Otros músicos vimos en aquellos conciertos universitarios, Paco Ibáñez y su mensaje de amor y revolución; Vinicius de Moraes y Toquinho, enseñándonos la nostálgica alegría de Brasil. También teatro, buen teatro, Macunaima, de Mario de Andrade, adaptada por Antunes Filho, un grupo brasileño que nos mostró algunos cuerpos desnudos en el escenario. También, El Arquitecto y el Emperador de Asiria, de Fernando Arrabal, terrible, dura, o Las criadas, de ese loco genial que era Jean Genet. Claro, el teatro, como arte, como esa intuida posibilidad de vivir otras vidas, nos pegó fuerte y así asistimos a obras de grupos cordobeses, como, por ejemplo, La Puta respetuosa, de Sartre. Tiempito después, en uno de esos milagros de la vida, yo asistiría a una charla (y conversaría con él, en francés) de Jerzy Grotowsky. Faltaría muy poco para que ambos, Rose Marie y yo, cayéramos a las clases de actuación de Hugo Herrera y Norma Basso que nos enseñaba “Voz”. Eran clases extrañas, porque no solo se seguía a Stanislavsky sin nombrarlo para nada, sino que nos invitaban cena que cocinaba una empleada totalmente bella y liberal, que cuando los maestros ya no tenían dinero, era ella la que se los prestaba para comprar la comida para todos. Los dos maestros, eran pareja y solían tener delante de los estudiantes, unas peleas monstruosas, las que terminaban encerrándose en el dormitorio, ahí mismo, al lado de la sala donde pasábamos clases, y se hacían el amor con gemidos tan intensos, que alborotaban toda la manzana, hacían ladrar a los perros, y a nosotros nos dejaban en un estado de azoramiento e hilaridad, como si fuéramos querubines asombrados. La empleada doméstica, mientras preparaba la comida, también avasallada por la magnitud sonora de los gritos apasionados de sus patrones haciendo su pacto amoroso de paz, levantaba los hombros, bajaba la cabeza, como diciéndose, otra vez tengo que aguantar a estos incendiarios. De allí salió la obra con la que recorreríamos casi toda Sudamérica, El Carretón de Juan de la Cruz. La historia de esas más de 200 representaciones, merece varios textos aparte, pero está contada en mi segunda novela, Territorio de signos.

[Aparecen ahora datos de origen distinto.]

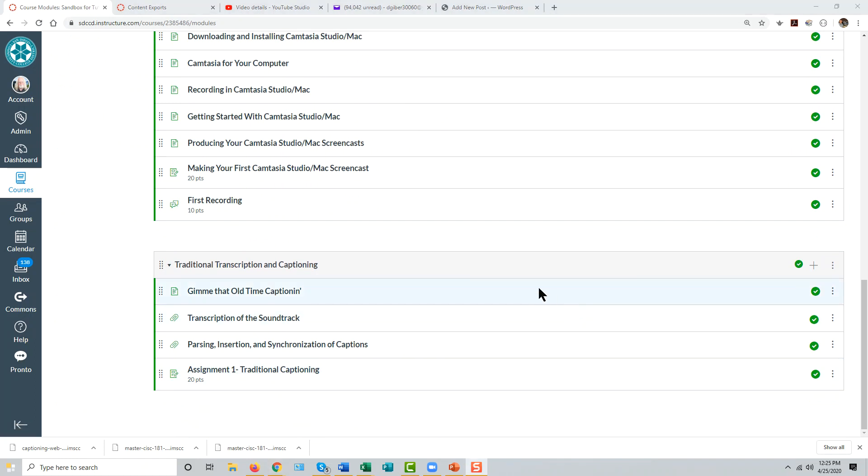That's the process for exporting content from one Canvas system and importing it into another.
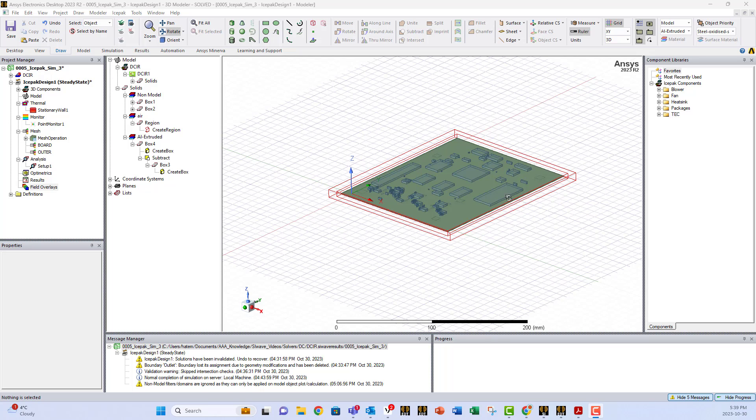Inside the Electronic Desktop, you're gonna find your PCB model with some dummy air regions around it and used zones.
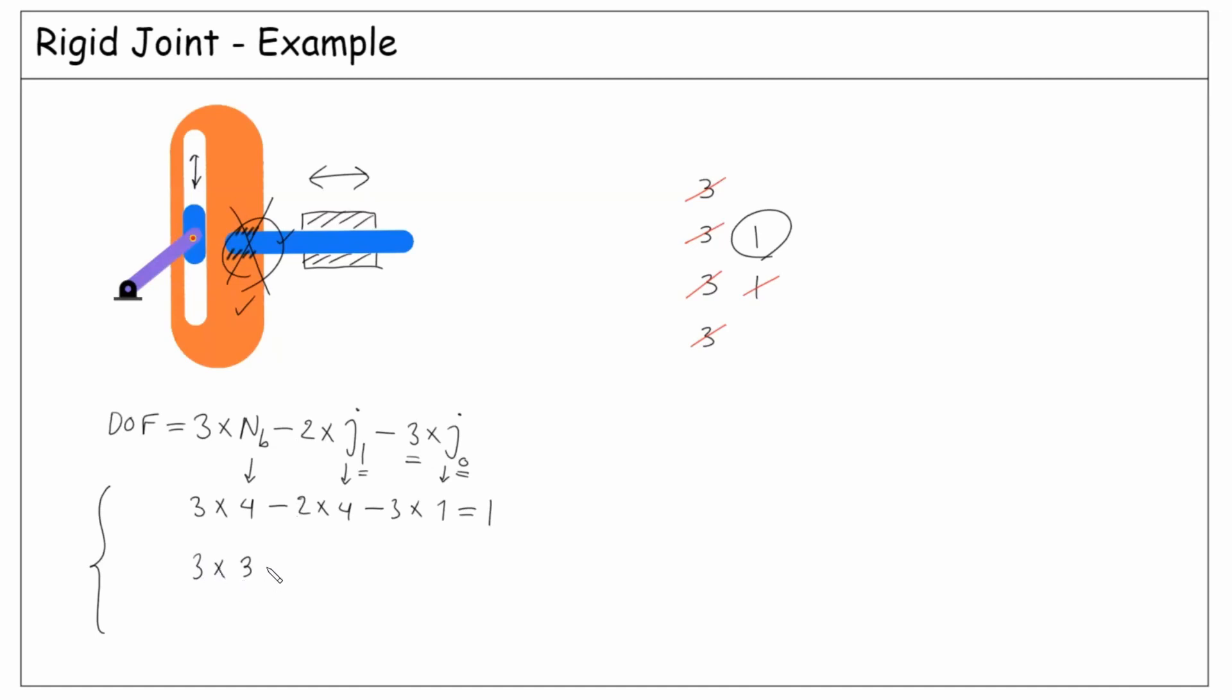which is the same result. That's all for the rigid joint. Now that we have experienced the revolute, prismatic, and rigid joints, let's do some practice activities after this lecture.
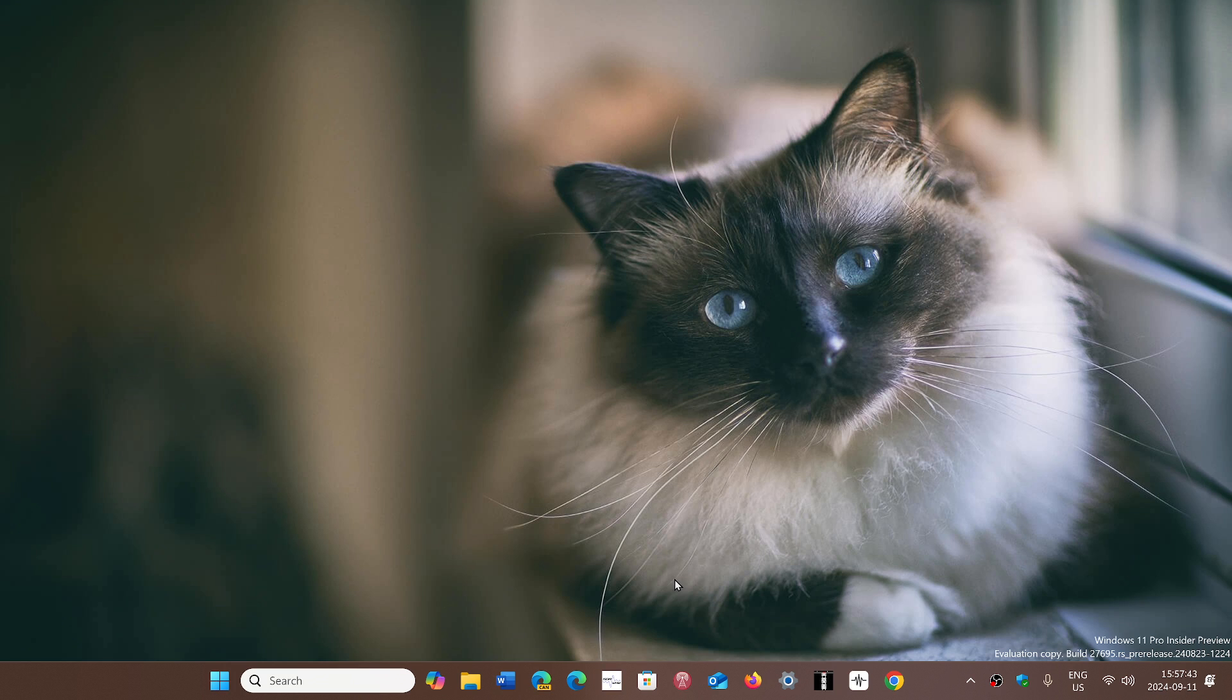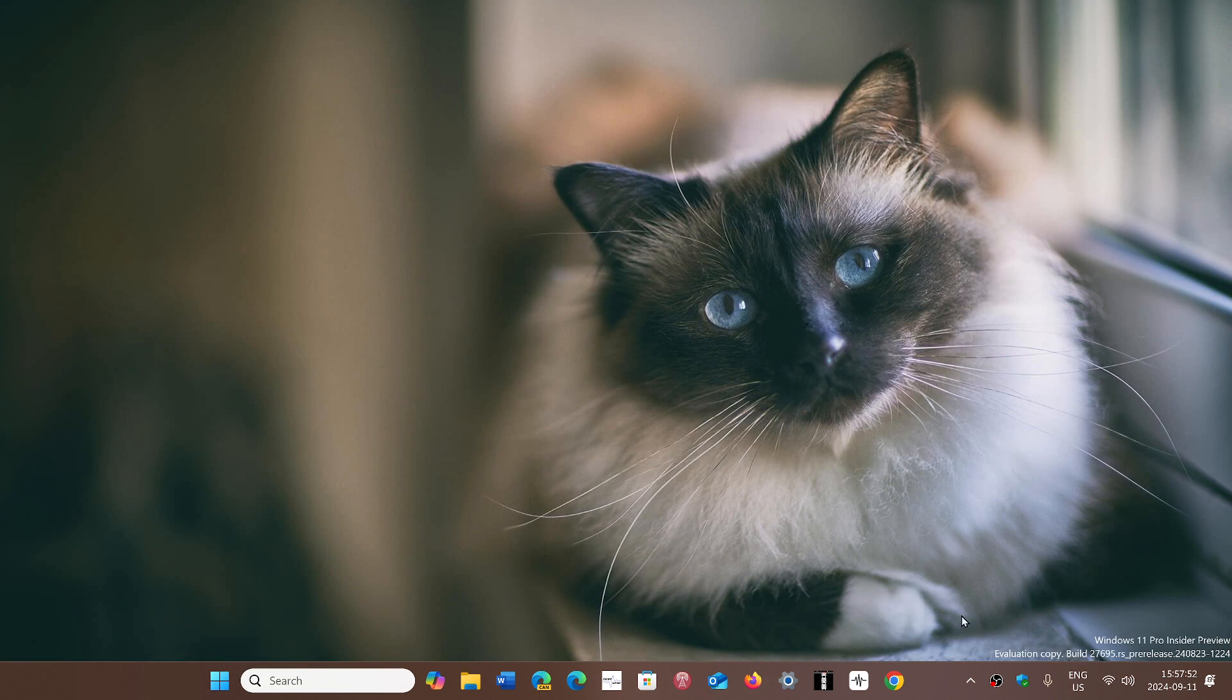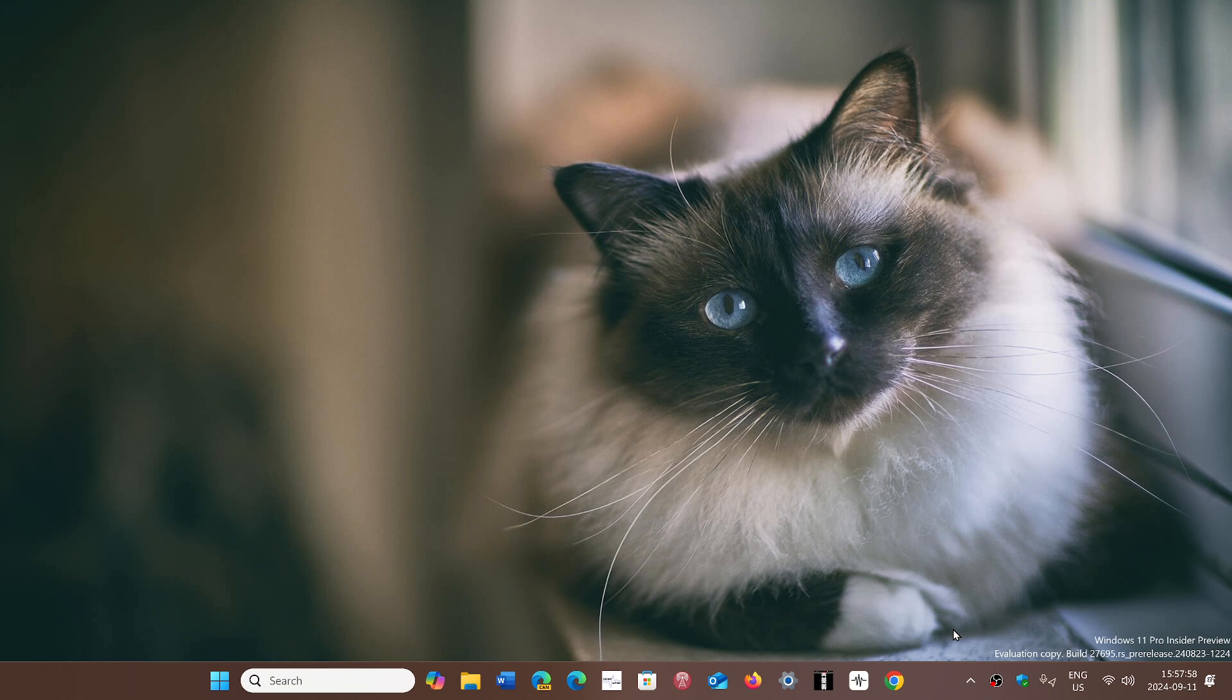Mark of the web is a SmartScreen filtering feature that basically activates when you download a file from the web.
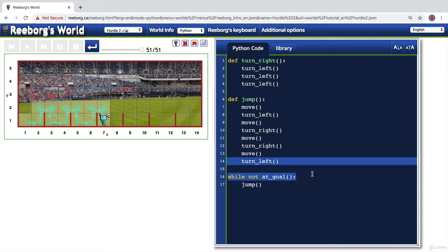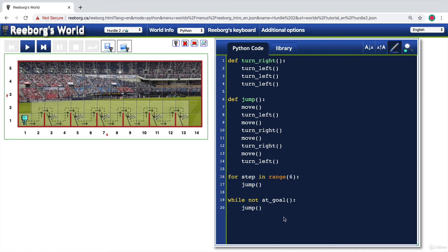I prefer this syntax because it reads more like English: while not at_goal, perform jump. If it is at goal, it will stop. You might be wondering: now that I've learned about the for loop and the while loop, why would I choose one over the other? When would I use a for loop and when would I use a while loop?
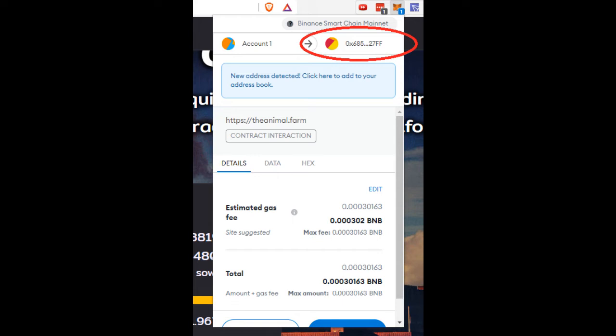So if this is a common address that you do use, you can actually bookmark it into your address book so for ease of transactions next time.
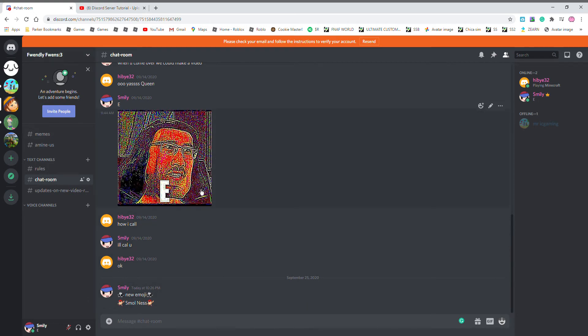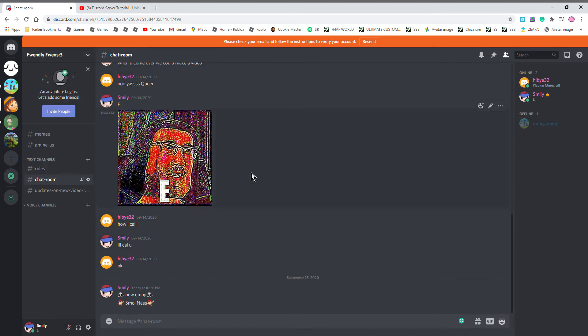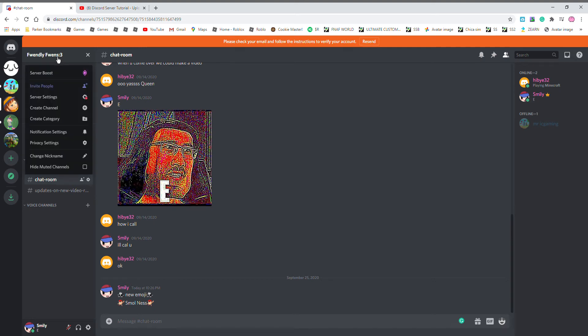So here we have my Discord link in the description. To upload an emoji, you have to go over to the name of your server, then you bring down the slide and you press server settings.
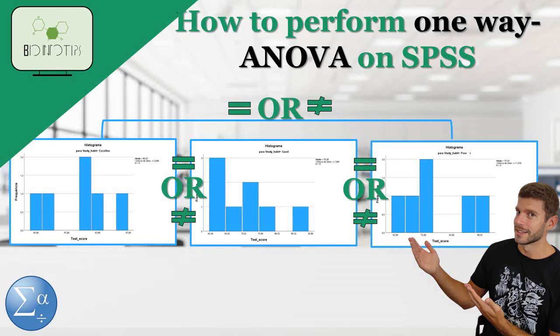Hello everyone, and welcome back to BioInfodips. Today, we have an exciting tutorial lined up for you.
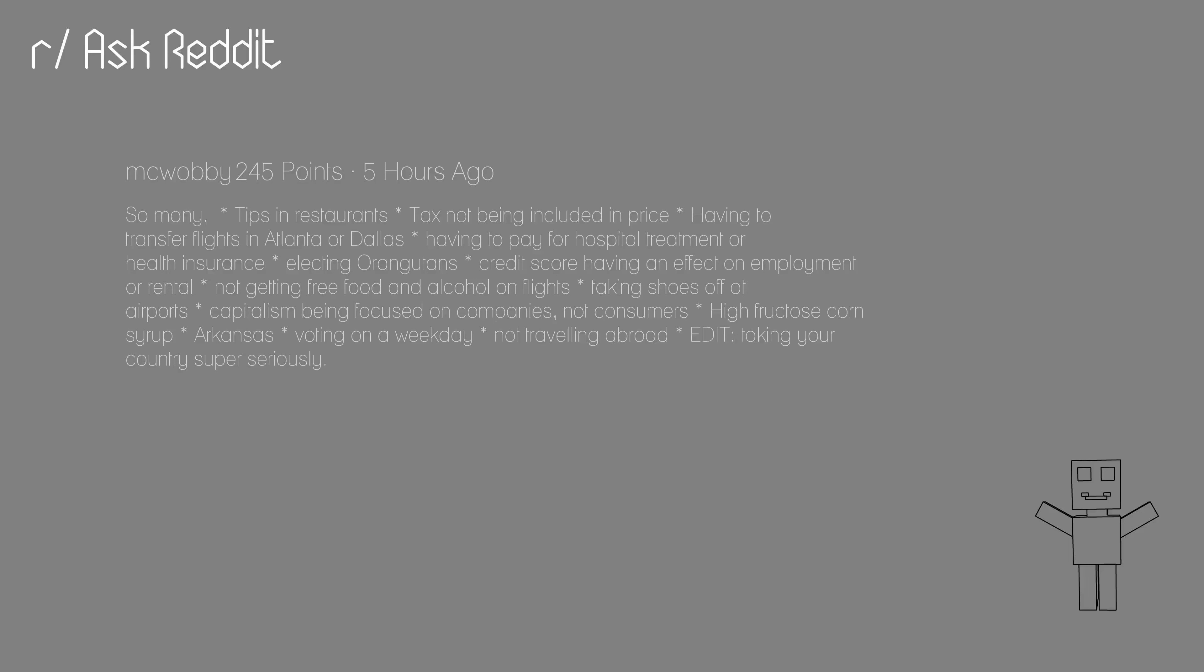Capitalism being focused on companies, not consumers. High fructose corn syrup. Arkansas. Voting on a weekday. Not traveling abroad. Edit, taking your country super seriously. Be more like Britain and indulge in some self-loathing.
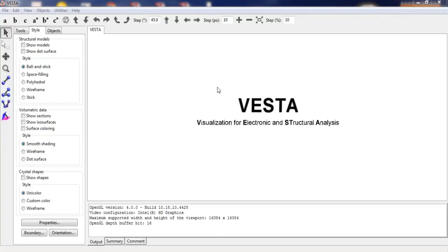Welcome to my channel. Today we will see one interesting software, VESTA. This is an open source software available for any kind of systems. Students interested in pursuing PG or PhD programs in material science can use this software for their projects. In this video, we will see how to model the structure of any compound using VESTA.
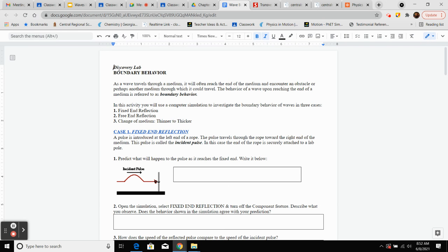Wave boundary behavior. This virtual simulation lab explains that as a wave travels through a medium, it will often reach the end of that medium and encounter an obstacle, or perhaps a different medium through which it could travel. The behavior of that wave upon reaching the end of a medium is referred to as boundary behavior.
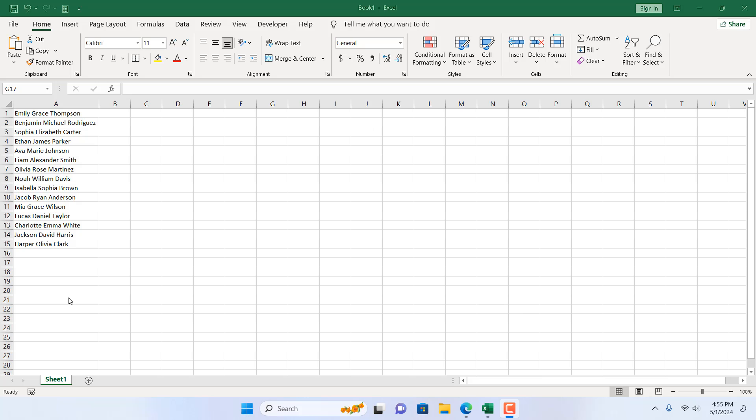Take a look at this workbook. Here we have full names in column A, and all these names have first name, middle name, and last name. Now, if I want to remove all the middle names from this list, how can you do that?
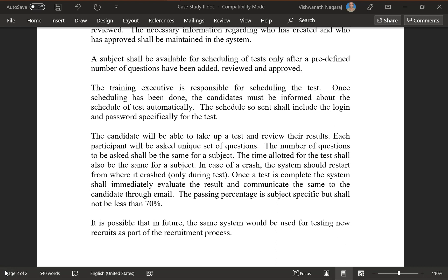In case of a crash, the system should restart from where it crashed, but only during the test. Once a test is complete, the system shall immediately evaluate the result and communicate the same to the candidate through email. The passing percentage is subject-specific but shall not be less than 70%. It is possible that in future the same system would be used for testing new recruits as part of the recruitment process.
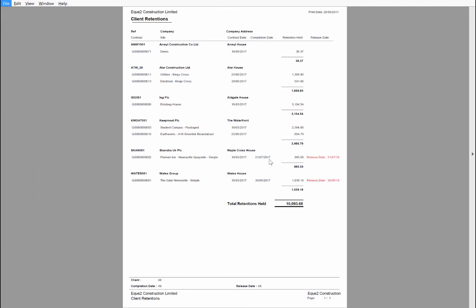And if the project has a completion date, it will use the completion date and the held for period or defect period to calculate a release date for each individual retention.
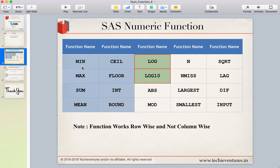So till now we have discussed all these functions: min, max, sum, ceil, floor, int, and round. If you have not seen those videos, please go to the playlist and you can see those other functions as well.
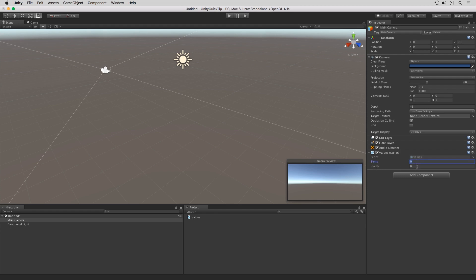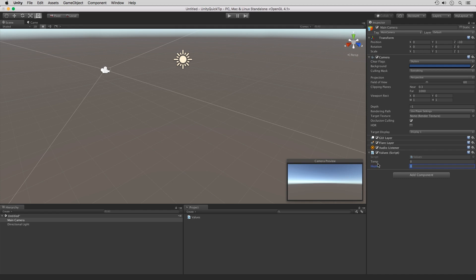Right now I can type in whatever I want with these. If I want to go into a negative value for the health, I could do that. I could also specify a very high or very low temperature. I want to specify a range for the health between 0 and 100. For the temperature, I want to go with negative 50 to 120. We're going to be specifying these ranges within the script itself.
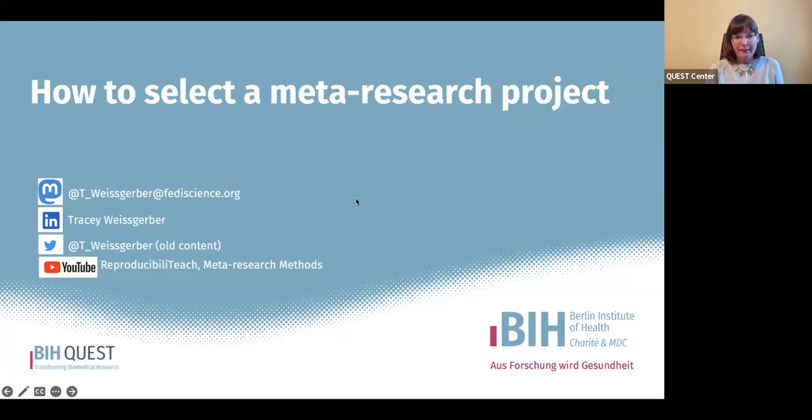Hello, everyone. In this section, I'm going to talk about how to choose a meta-research project.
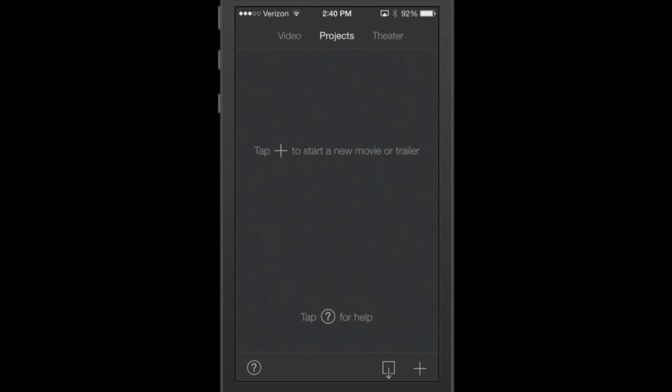Now when iMovie opens up, this is the way your screen's going to look. Right there you can see up at the top middle it's Projects and in the middle it says tap the plus symbol to start a movie or trailer.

Lo de Piazzolla surgió porque acababa de ver un video, de esos que trae Youtube, en el que un acordeonista (no bandoneonista) y un guitarrista se mandaban un Adiós Nonino que sonaba muy bien, a pesar de mi antipatía, en estos casos, para el acordeón, que siempre, por algún extraño prurito, me pareció más adecuado para canzonettas napolitanas (que en sí mismas me parecen bellas), que para la densidad y la profundidad del tango. Casi sin que lo advierta, desde algún recodo del alma, se me fuga el recuerdo de aquellos días sin futuro, que solo eran poblados por mi deseo irrealizable de tu cuerpo perdido. Pero bueno, es la noche, el conticinio, y mi alma ya está propicia para mezclarse en aventuras sonoras y otros ensueños que me van invadiendo y que me hacen habitar la nocturnidad y tantas otras cosas que me llevan a saber que, más allá de los males, estoy intensamente vivo.